Une subvention d’investissement au titre de l’année 2017 en faveur de l’association « Enfance et jeunesse » a, en outre, également été octroyée, celle-ci concernant la remise aux normes de la cuisine pour l’accueil d’enfants en centre de vacances et de loisir pour un montant total de 450 000 Fcfp.

Attribution d’aides financières pour les entreprises

Dans le cadre de son plan de relance de l’économie, le Pays a instauré deux dispositifs d’aides. Le premier porte sur une aide à l’équipement des petites entreprises (AEPE) afin de les accompagner dans leur projet de création ou de développement d’activité.

Le second instaure une aide pour la revitalisation des commerces de proximité et des restaurants (ACPR) afin de les accompagner dans leur projet d’amélioration de l’attractivité de leurs points de vente ou de restauration en Polynésie française.

Afin d’accompagner les trois sociétés sollicitant l’une de ces deux aides, le Conseil des ministres a autorisé l’attribution d’aides financières pour un montant s’élevant à 4 604 000 Fcfp.

Depuis le début de l’année,

– 281 545 890 Fcfp ont été attribués à 212 entreprises au titre de l’AEPE et

– 188 147 500 Fcfp ont été attribués à 115 entreprises au titre de l’ACPR,

soit un montant global de 469 693 390 Fcfp attribués au profit de 327 entreprises.

Publication des Actes du 1er Forum économique

Le gouvernement de la Polynésie française a organisé son premier Forum économique au mois d’octobre 2016. Cet événement majeur, dont le thème retenu était celui de la refondation de l’économie polynésienne, a réuni les institutionnels, les acteurs publics et privés mais aussi de nombreux étudiants et citoyens engagés pour construire l’avenir du Pays.

Placé sous le haut patronage du Président de la République française et du Président de la Polynésie française, le Forum a mobilisé ainsi plus de 1000 personnes sur deux journées et a recueilli un vif succès.

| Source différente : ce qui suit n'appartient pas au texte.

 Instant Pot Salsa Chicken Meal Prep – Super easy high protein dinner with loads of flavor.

Cet événement a permis d’échanger autour d’expériences des intervenants et conférenciers extérieurs, venus du Canada, d’Australie, de Chine et de France métropolitaine, spécialisés et reconnus à l’international. Les apports de ces intervenants confrontés aux réflexions des participants polynésiens ont conduit à entrevoir des premières pistes de refondation de l’économie polynésienne, autour de plusieurs piliers tels que l’économie bleue, le tourisme, le numérique, l’économie circulaire et les industries de transformation des produits du secteur primaire, de manière plus générale.

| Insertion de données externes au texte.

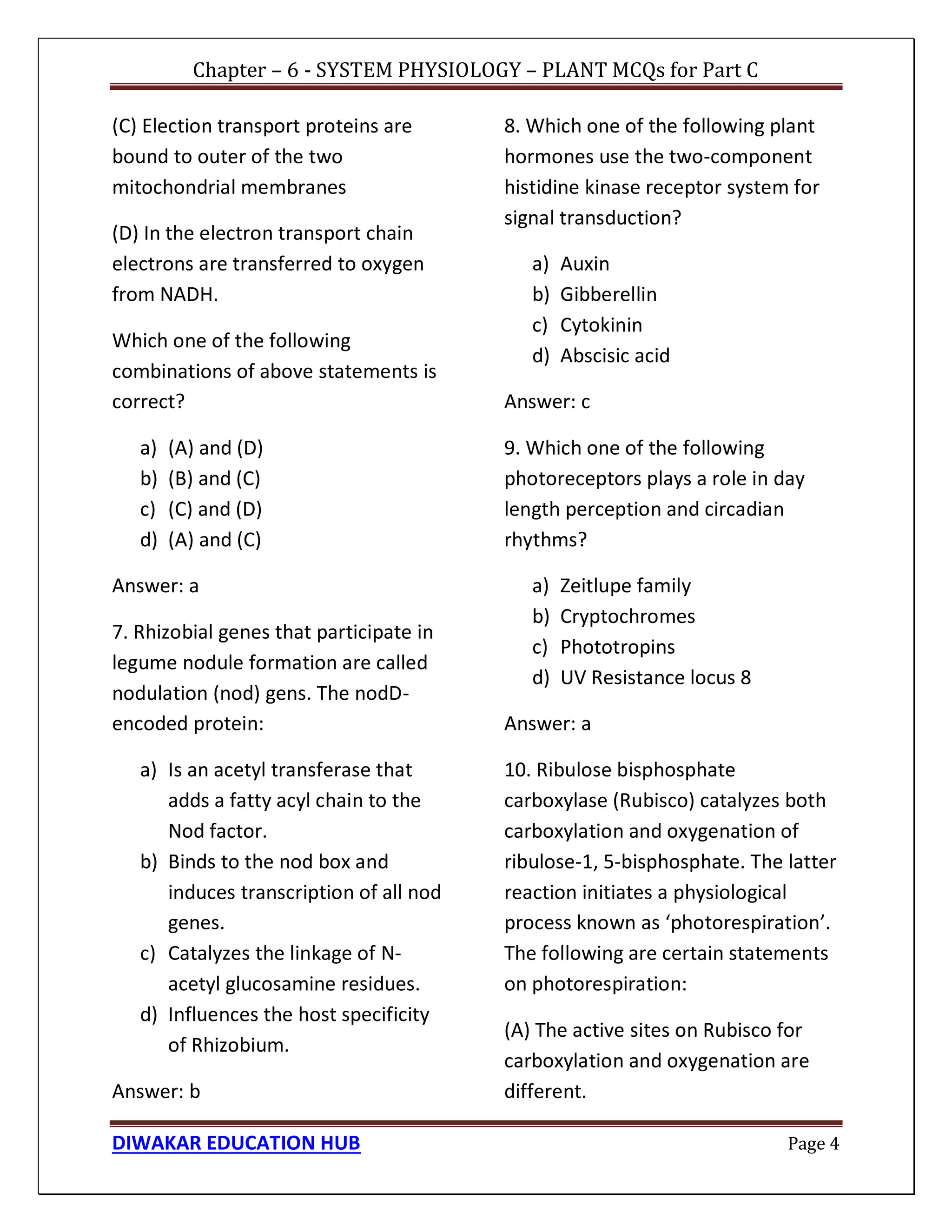 Chapter – 6 - SYSTEM PHYSIOLOGY – PLANT MCQs for Part C
DIWAKAR EDUCATION HUB Page 4
(C) Election transport proteins are
bound to outer of the two
mitochondrial membranes
(D) In the electron transport chain
electrons are transferred to oxygen
from NADH.
Which one of the following
combinations of above statements is
correct?
a) (A) and (D)
b) (B) and (C)
c) (C) and (D)
d) (A) and (C)
Answer: a
7. Rhizobial genes that participate in
legume nodule formation are called
nodulation (nod) gens. The nodD-
encoded protein:
a) Is an acetyl transferase that
adds a fatty acyl chain to the
Nod factor.
b) Binds to the nod box and
induces transcription of all nod
genes.
c) Catalyzes the linkage of N-
acetyl glucosamine residues.
d) Influences the host specificity
of Rhizobium.
Answer: b
8. Which one of the following plant
hormones use the two-component
histidine kinase receptor system for
signal transduction?
a) Auxin
b) Gibberellin
c) Cytokinin
d) Abscisic acid
Answer: c
9. Which one of the following
photoreceptors plays a role in day
length perception and circadian
rhythms?
a) Zeitlupe family
b) Cryptochromes
c) Phototropins
d) UV Resistance locus 8
Answer: a
10. Ribulose bisphosphate
carboxylase (Rubisco) catalyzes both
carboxylation and oxygenation of
ribulose-1, 5-bisphosphate. The latter
reaction initiates a physiological
process known as ‘photorespiration’.
The following are certain statements
on photorespiration:
(A) The active sites on Rubisco for
carboxylation and oxygenation are
different.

Un document de synthèse qu’il convient de dénommer « Les Actes du Forum » a été publié. Il permet de consolider les différentes présentations, interventions et échanges réalisés lors de ce Forum.

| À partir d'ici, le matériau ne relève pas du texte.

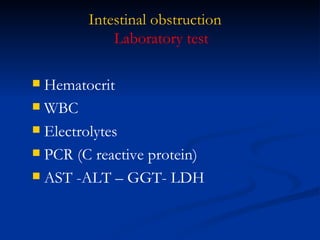 Intestinal obstruction Hematocrit WBC Electrolytes PCR (C reactive protein) AST -ALT – GGT- LDH Laboratory test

Projet de loi du Pays sur les hydrocarbures pour les pêcheurs professionnels

Le soutien au prix du carburant a été instauré afin d’accompagner les pêcheurs en réduisant une partie des charges qui pèsent sur leurs exploitations. Actuellement, seul le gazole pour les pêcheurs est éligible au mécanisme du fonds de régulation des prix des hydrocarbures (FRPH). Pour sa part, le dispositif actuel de soutien consiste pour le pêcheur à payer l’essence à la pompe au prix public et à se le faire rembourser partiellement, sur présentation de facture.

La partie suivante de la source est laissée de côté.